The man at the door was missing an arm, part of his jaw, and he smelled like a brewery.

He claimed we were related.

My wife had left me, my son was in college, so I let the man in.

When he asked if I had any alcohol, I brought out port. He said it tasted like goat urine, but polished off the bottle anyway.

He told me that, while in Iraq, an IED had ripped his vehicle into confetti. “It took my arm, half my face. I’m lucky to be breathing.”
We drank more. Finally, I asked, “So, exactly how are we related?”

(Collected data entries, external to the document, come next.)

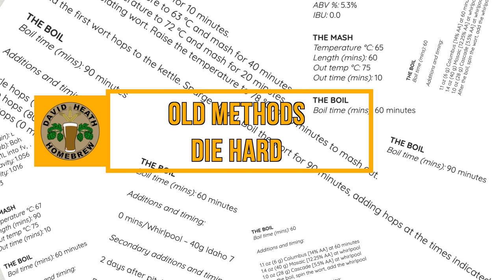The first being 60 minutes, which is commonly found with ales, and the second being 90 minutes, which is commonly found with lagers or recipes that use pilsner malt. In modern times these boil durations and the practices that came along with them are actually very out of date. And yet, for some reason, people are still following and writing recipes according to old knowledge. Let's take a deeper look into this and compare the old with the new.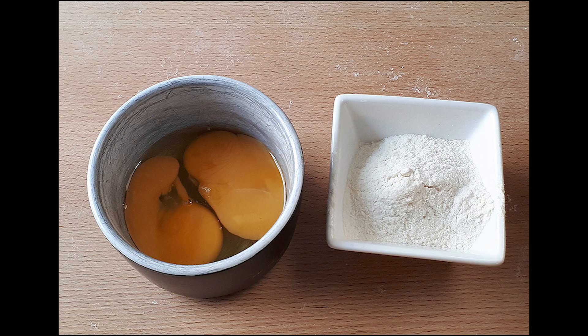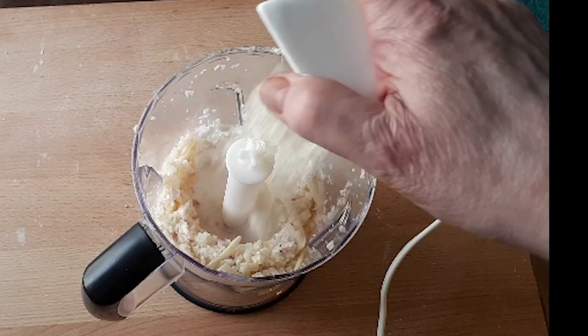Next comes the flour and the eggs. Add these to the same food processor and continue grinding, scraping down the sides as needed.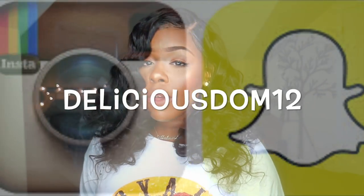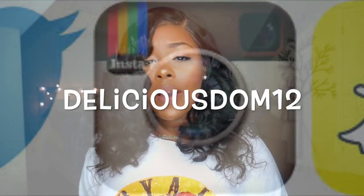Make sure you guys leave your comments down below, don't forget to thumbs up this video, and subscribe if you haven't. Thank you for joining me today on Wig Wednesday and I will catch you guys later. Bye, guys!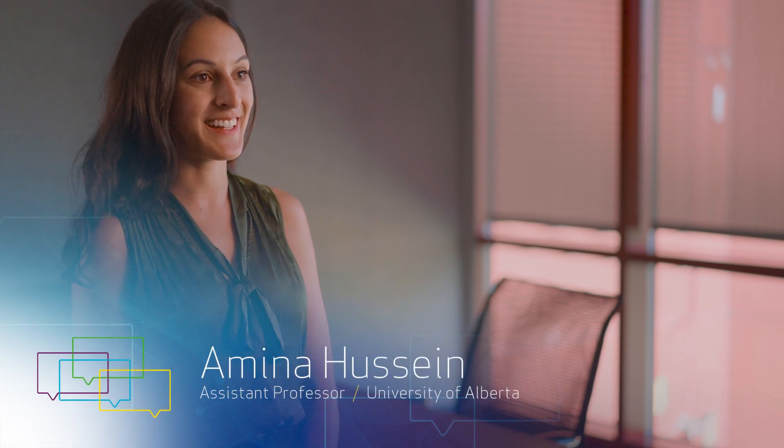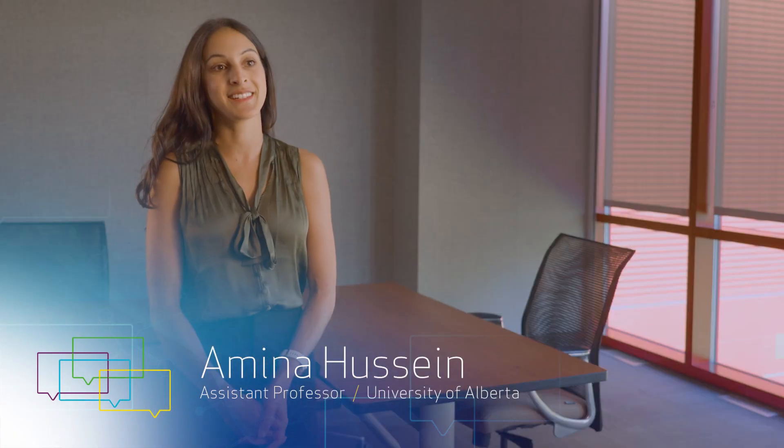My name is Dr. Amina Hussain, and I'm a laser plasma scientist and assistant professor of electrical and computer engineering at the University of Alberta.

“I’m Uncle Buck!” he said, slapping his thigh.

“Seriously? You’re my father’s brother?”

“Why would I lie?”

I requested stories about Dad.

He said my father’s horrible insecurities were what made him career-obsessed, eventually turning him into an alcoholic. He said Dad felt guilty for working so much, for not ever being present as I grew up. He said Dad loved me more than life.

“Really?”

“Oh, man,” he said.

There were more stories, each enthralling and semi-accurate, but then he had to go.

At the door, I asked, “Did you know Dad’s dead?”

“Figured.”

I hugged him hard. “Come back soon, Uncle Buck.”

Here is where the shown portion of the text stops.